Fordway Blog

Three things to remember on your cloud journey

[fa icon="calendar"] Oct 10, 2019 12:26:12 PM / by Caroline Houlden

Cloud Journey

Businesses are under more pressure than ever before to harness digital technologies to deliver competitive advantage and growth. The drive for lower costs, faster services, rapid and continuous improvement are just some of the benefits expected from cloud transformation projects and IT investment.

IT leaders need to minimise risk while enabling innovation and maintaining service delivery excellence. Successful cloud transformation however, requires an organisation to commit to new ways of working, as well as, having the strategy and governance needed to manage complexity and change.

With limited resources, skills set and budget constraints, there are three key areas to focus on : Cost Optimisation, Security and Delivering Flexible Services.

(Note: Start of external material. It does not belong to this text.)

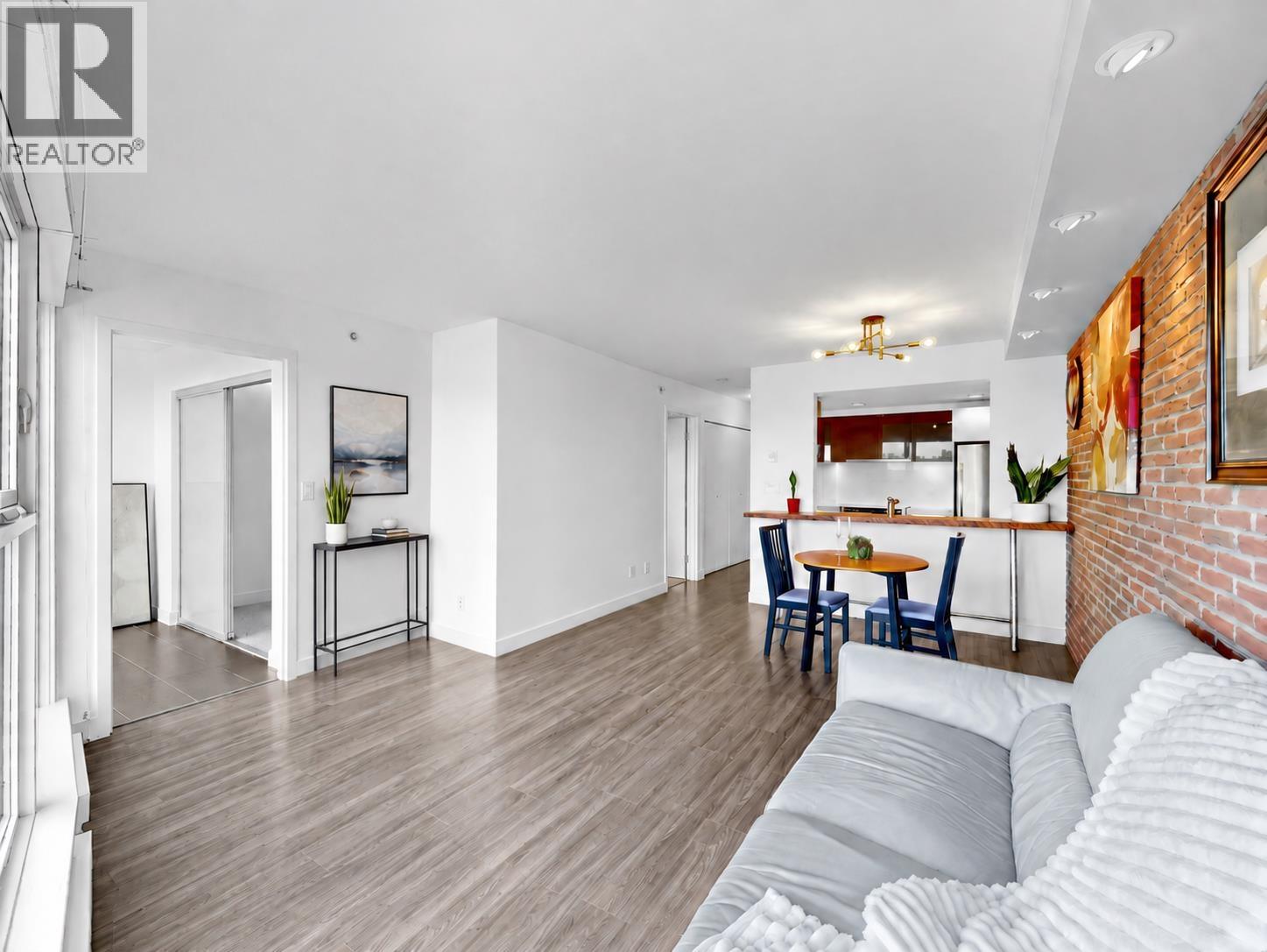 1904 1323 Homer Street Property Photo 8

Cloud for Cost Optimisation

Running effective IT services costs money. Simply supporting and maintaining server equipment in-house or in a data centre bring skill and maintenance costs quite apart from those licensing and facilities.

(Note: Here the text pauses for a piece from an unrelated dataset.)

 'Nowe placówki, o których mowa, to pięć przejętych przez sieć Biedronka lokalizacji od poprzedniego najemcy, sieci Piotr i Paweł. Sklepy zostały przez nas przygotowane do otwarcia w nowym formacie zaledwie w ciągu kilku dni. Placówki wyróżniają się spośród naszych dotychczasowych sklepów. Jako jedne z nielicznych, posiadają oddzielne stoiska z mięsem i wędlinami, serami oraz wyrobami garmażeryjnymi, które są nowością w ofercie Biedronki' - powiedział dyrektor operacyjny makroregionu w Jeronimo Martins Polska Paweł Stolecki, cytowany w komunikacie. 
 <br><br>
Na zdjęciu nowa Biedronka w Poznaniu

Cloud services and particularly Platform as a Service will reduce your maintenance costs, bring improved security and flexibility.

Take the case of migrating simple web applications to the cloud. In our example a simple Azure S1 PaaS instance can provide secure, flexible and cost effective hosting on a platform that is maintained and patched for you.

Managing cloud costs at scale can be complex. Choosing the right instances for each application or workload and controlling data transfer are key, particularly if you expect your workloads to grow. Selecting the right cloud services will help your organisation ensure that your operating costs are within acceptable limits.

Fixed rate Managed Cloud solutions can be helpful for organisations transitioning from CAPEX budget models who want to avoid unanticipated costs.

For organisations committed to public cloud without the skills to manage billing in-house specialist Cloud Service Integration and Management can help organisations proactively manage costs.

Cloud for Improved Security

For Cloud service providers, good security is essential to business. As result, cloud services meet higher levels of security and regulatory compliance than most IT departments could hope to achieve. To host data for the public sector and regulated industries regular testing to ensure the ISO standards is crucial. Maintaining these standards necessitates the best security practice, technology and staff.

It is essential however, that all organisations understand how to operate cloud securely for their business needs. Particularly with IaaS, less so with PaaS and SaaS, you also retain a number of security responsibilities and, irrespective of who hosts the data, you are responsible for your data and its security.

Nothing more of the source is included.